The one sleeping with his teacher, yes? He is yum.


----------



## catrina (Mar 7, 2007)

I thought that the target audience is someone who either is or was sid, or someone who would fancy sid if they were 16, or does fancy sid if they are 16?


----------



## onenameshelley (Mar 7, 2007)

PieEye said:
			
		

> this is me.
> 
> It also helps that I _really _want to do bad things to the ravey one with the bad wardrobe and the funny accent and the twinkly eyes.




i saw him first i bagsied him on the first page!


----------



## onenameshelley (Mar 7, 2007)

catrina said:
			
		

> I thought that the target audience is someone who either is or was sid, or someone who would fancy sid if they were 16, or does fancy sid if they are 16?
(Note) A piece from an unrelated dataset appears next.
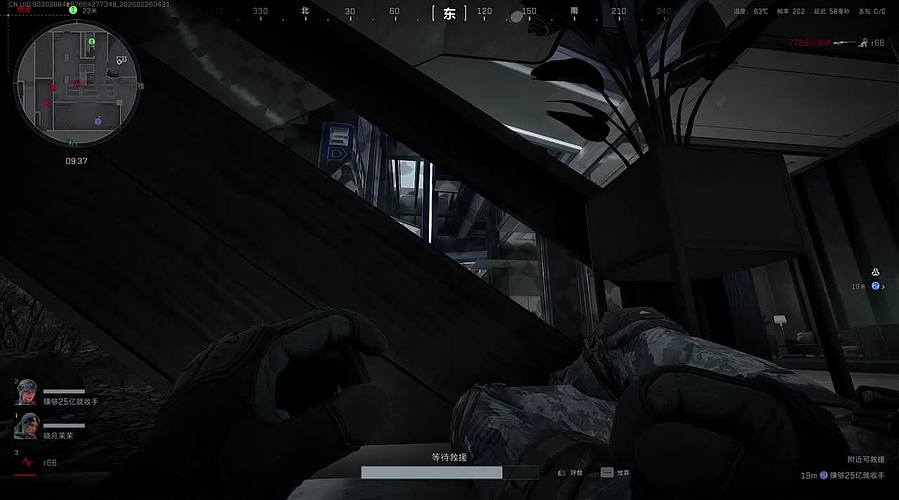 新春快乐！ 1763665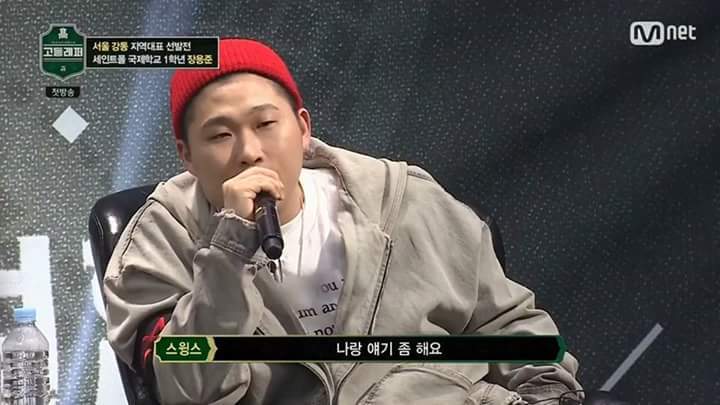스윙스가 장용준 좋아하는 이유 요약정리 | 인스티즈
I would have fancied Sid when i was 16. I have missed a few of these but i suspect i can watch them on the internet somewhere correct?


----------



## beeboo (Mar 7, 2007)

I'm slowly getting lured into this - can't see it becoming compulsive viewing or anything, but finding it fairly frivolous entertainment.


----------



## fudgefactorfive (Mar 7, 2007)

i just want the smarmy manipulative one to go down, bigtime - and I think this might be the week 

oh and why did the gay one have to be so ... blond


----------



## spoone (Mar 7, 2007)

catrina said:
			
		

> I thought that the target audience is someone who either is or was sid, or someone who would fancy sid if they were 16, or does fancy sid if they are 16?



I think i'm sid  

yeah i watch the show, like everyone else said - brain candy, it wasn't exactly billed as engaging was it.


----------



## tommers (Mar 7, 2007)

I watched it last night.

It was weird.

and I felt old.

oh, and lemontop knows the woman who played the russian translator.

that was exciting.


----------



## subversplat (Mar 7, 2007)

onenameshelley said:
			
		

> I would have fancied Sid when i was 16. I have missed a few of these but i suspect i can watch them on the internet somewhere correct?
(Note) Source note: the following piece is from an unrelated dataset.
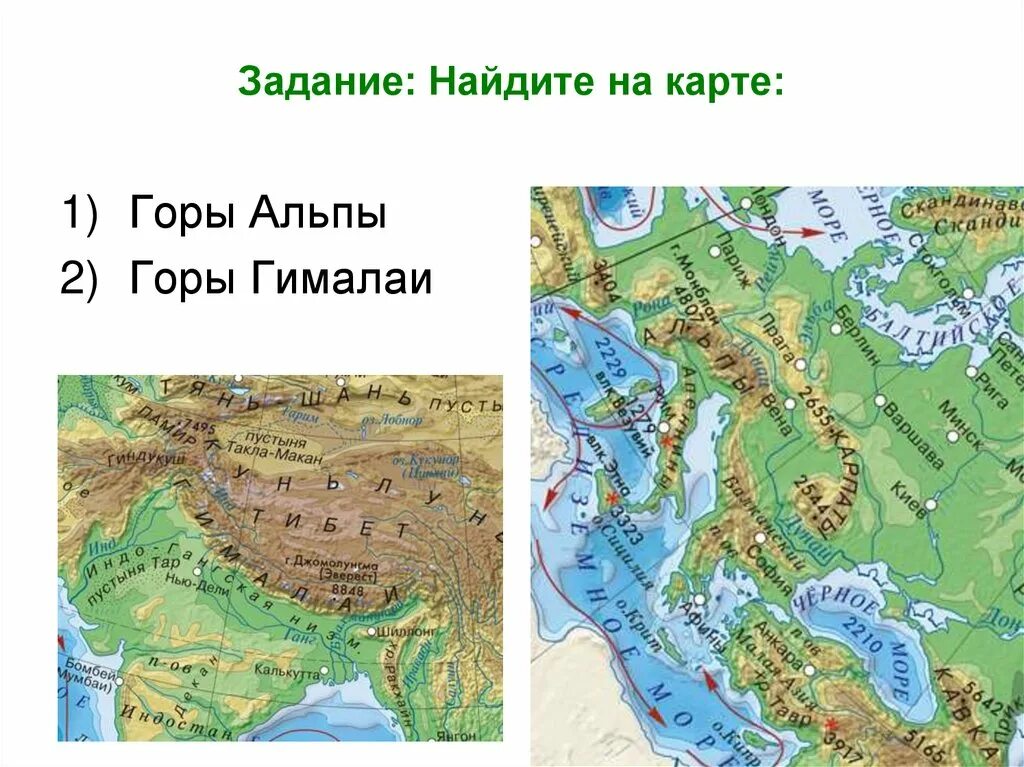 Горы Альпы на физической карте. Горы Альпы на физической карте Евразии. Горы Альпы на карте Евразии физическая карта. Где находятся Альпы на карте.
They're out there somewhere


----------



## catrina (Mar 7, 2007)

I think four on demand has started, so you should be able to watch them although might have to pay.  it's replayed a few times each week as well.


----------



## beeboo (Mar 7, 2007)

catrina said:
			
		

> I think four on demand has started, so you should be able to watch them although might have to pay.  it's replayed a few times each week as well.
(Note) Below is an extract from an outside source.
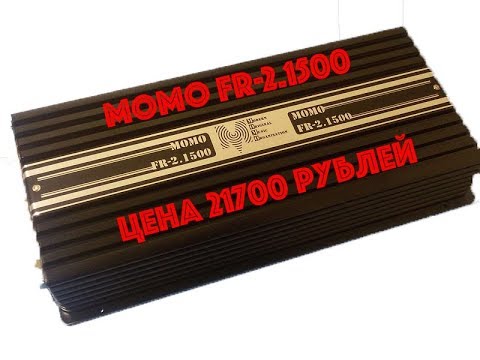 Видео: MOMO FR-2.1500 полный обзор, замер мощности усилителя MOMO FR-2.1500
a _few_ - it feels like it is on constant loop on E4.


----------



## subversplat (Mar 7, 2007)

catrina said:
			
		

> I think four on demand has started, so you should be able to watch them although might have to pay.  it's replayed a few times each week as well.


4od costs too much money (a pound a show!) and has requirements and DRM coming out of its backside. Best to just pirate them 

It is _very_ repeated though, which is nice, but only that last week's episode. I've missed half of them coz I thought it'd be crap and didn't give it a chance until my mate came around and asked to watch it here.


----------



## kyser_soze (Mar 7, 2007)

Wry and I both quite like it, and given we're both over 30:

A. Probably means it's shit for it's audience
B. That I really hope the girls are all over 16...esp the clarinet player...and the gf of the little boy-whore...the hippy chick with anorexia I would hit with sticks and glass bottles if I ever met her...


----------



## Pieface (Mar 7, 2007)

fudgefactorfive said:
			
		

> oh and why did the gay one have to be so ... blond



yeah - but he was the first person to take Tony down a peg.  He is a bit wet though.......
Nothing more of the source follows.